Leave out the pictures and set down the rest of the listing below word for word.

═══ Collected material

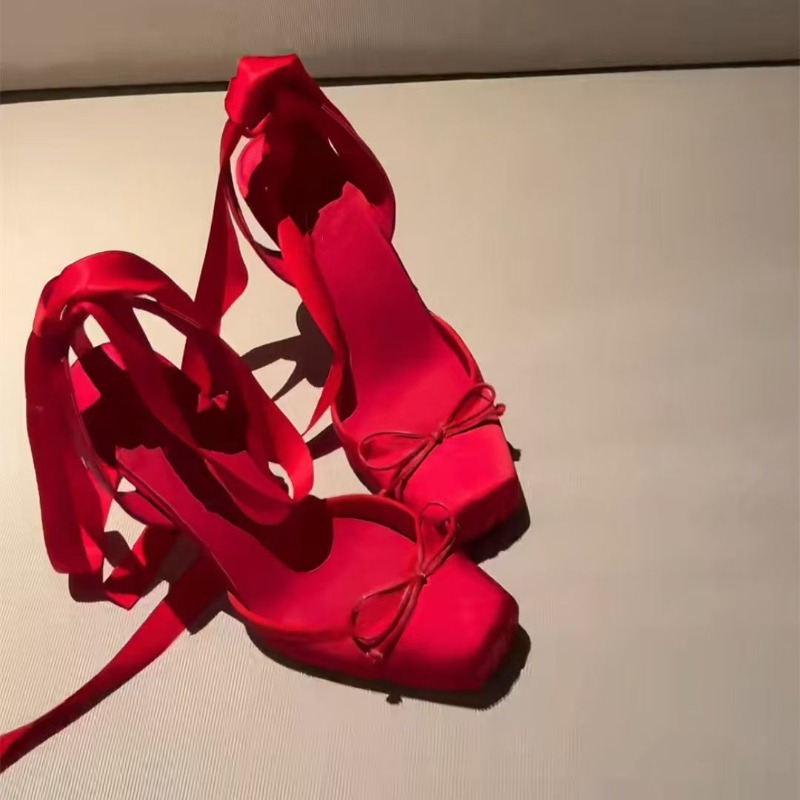 Kırmızı Yüksek Topuklu Ayakkab - Women'S Shoes Quality incelemesi ve fiyatı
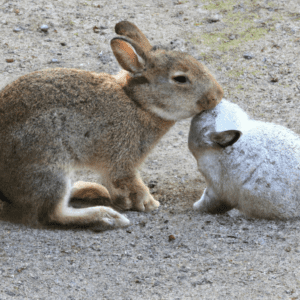 pourquoi mon lapin me mordille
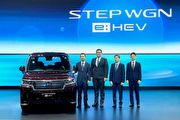 進軍東南亞市場、單一油電車型設定，Honda Step Wgn e：HEV印尼正式上市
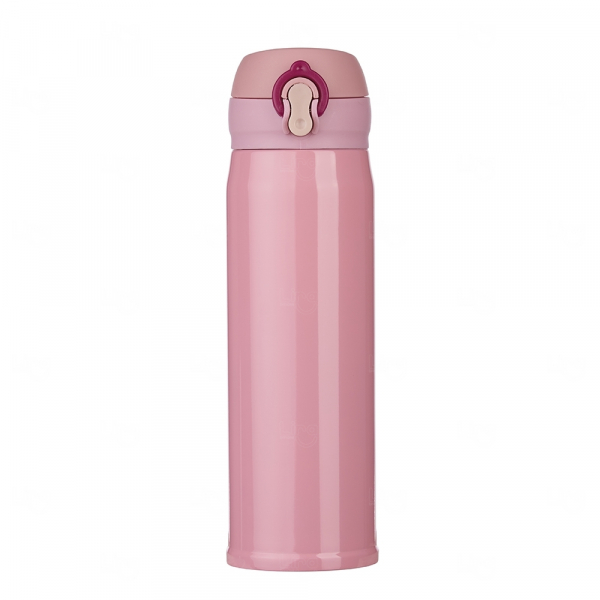 Garrafa Térmica 400ml de Metal Personalizada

══════

- _Solution for this task_
 Kırmızı Yüksek Topuklu Ayakkab - Women'S Shoes Quality incelemesi ve fiyatı
 pourquoi mon lapin me mordille
 進軍東南亞市場、單一油電車型設定，Honda Step Wgn e：HEV印尼正式上市
 Garrafa Térmica 400ml de Metal Personalizada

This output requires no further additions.